Segment Start: The data

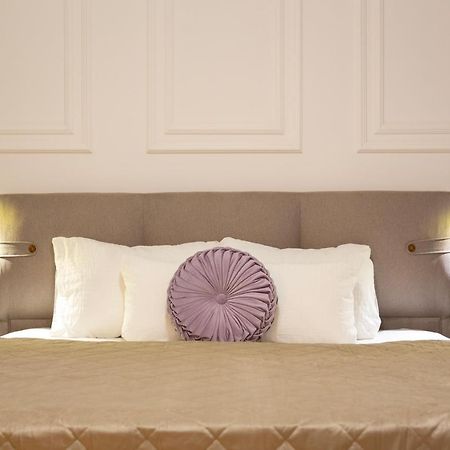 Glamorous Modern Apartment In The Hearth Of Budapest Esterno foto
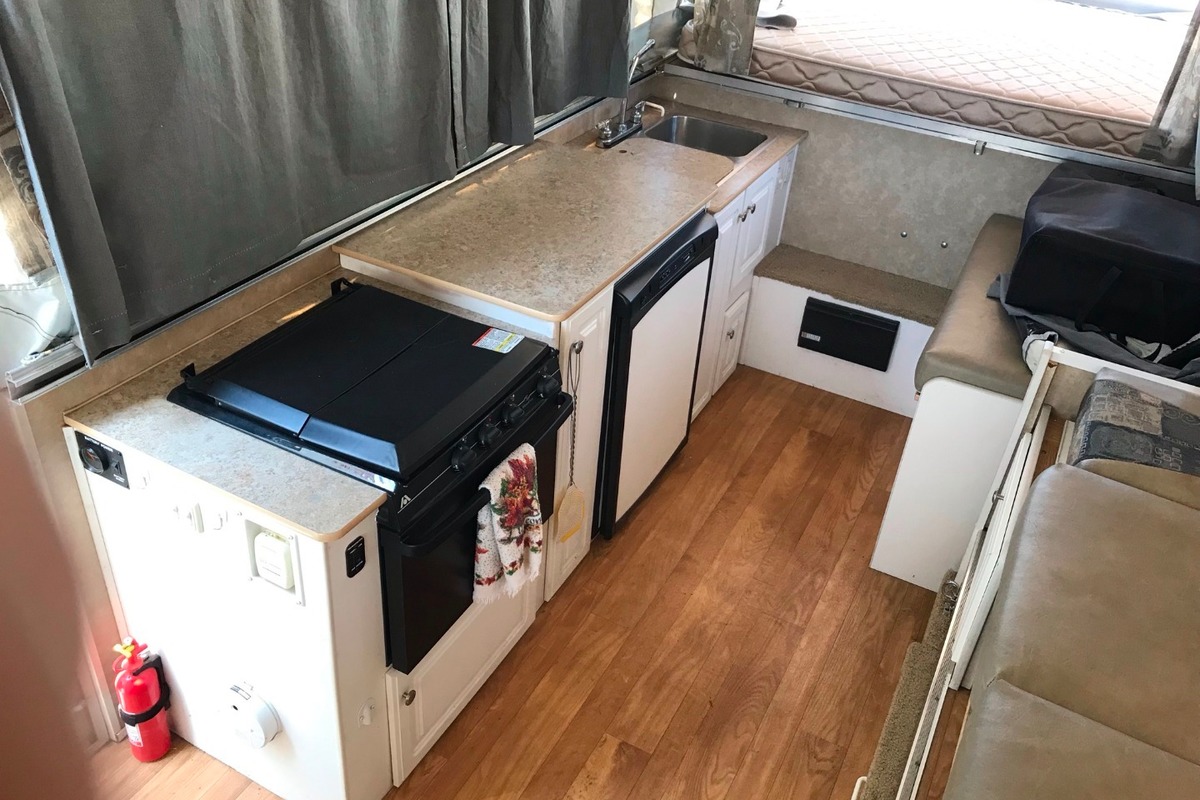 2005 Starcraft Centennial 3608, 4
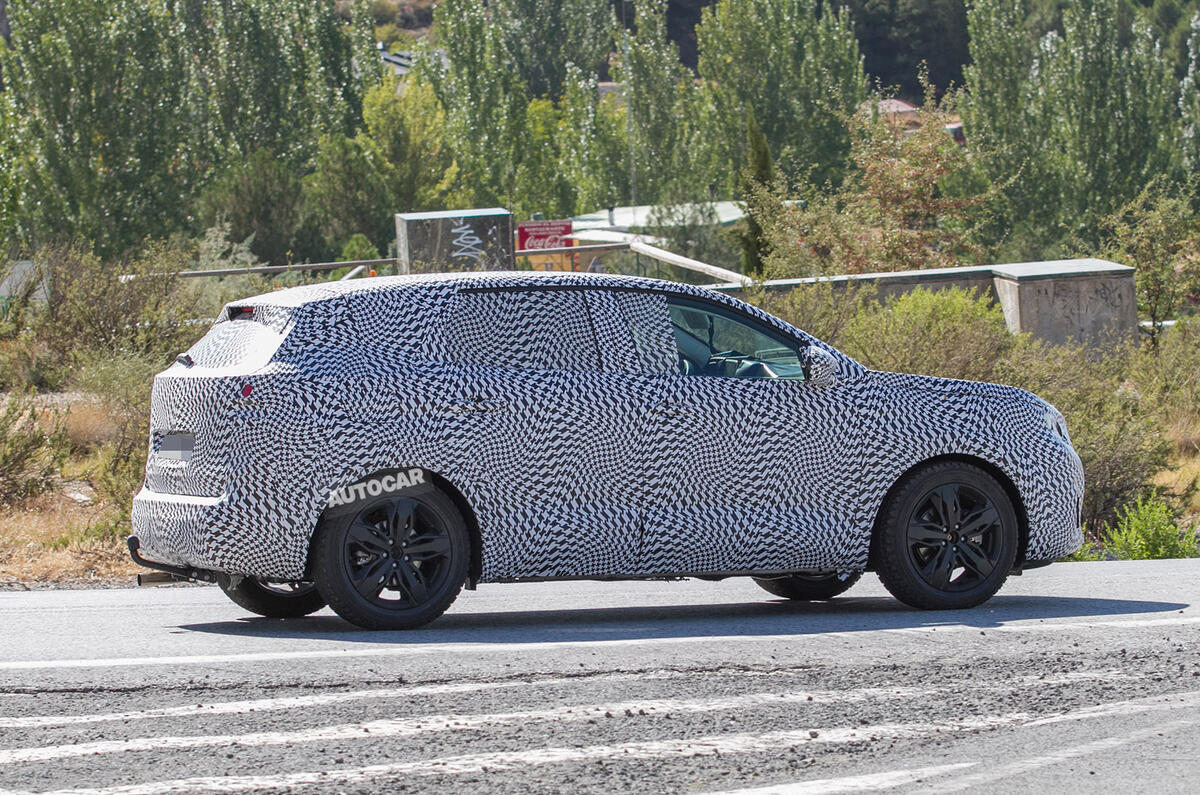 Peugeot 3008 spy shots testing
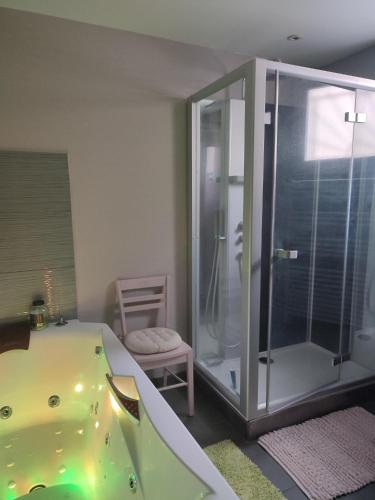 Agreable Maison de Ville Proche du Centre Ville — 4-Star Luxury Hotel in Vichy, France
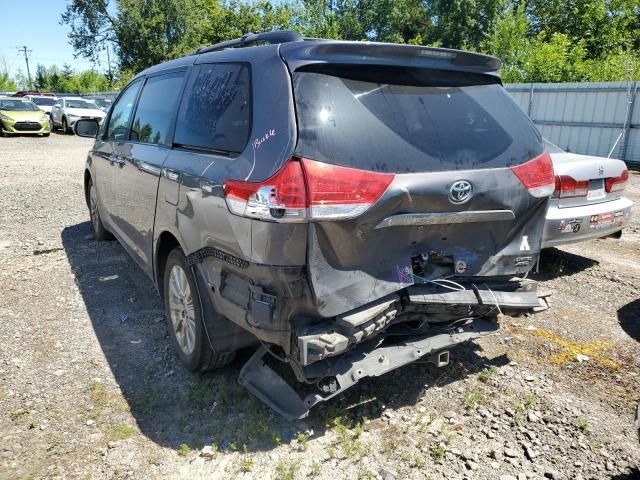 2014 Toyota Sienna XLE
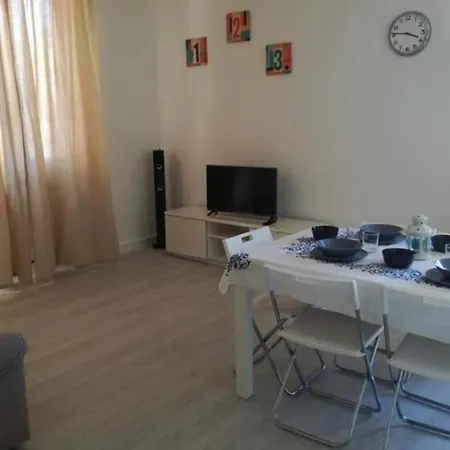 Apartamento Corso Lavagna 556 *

Segment End: The data
Segment Start: The data

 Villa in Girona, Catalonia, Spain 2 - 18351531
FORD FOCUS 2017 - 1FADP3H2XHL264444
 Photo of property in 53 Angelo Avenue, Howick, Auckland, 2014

Segment End: The data

> [Work instructions]:
Copy needed, without pictures: the lines of the listing above from the line containing "Glamorous Modern Apartment" up to and including the line containing "Apartamento Corso Lavagna 556 *", set down exactly.

> [Answer to this exercise]:
 Glamorous Modern Apartment In The Hearth Of Budapest Esterno foto
 2005 Starcraft Centennial 3608, 4
 Peugeot 3008 spy shots testing
 Agreable Maison de Ville Proche du Centre Ville — 4-Star Luxury Hotel in Vichy, France
 2014 Toyota Sienna XLE
 Apartamento Corso Lavagna 556 *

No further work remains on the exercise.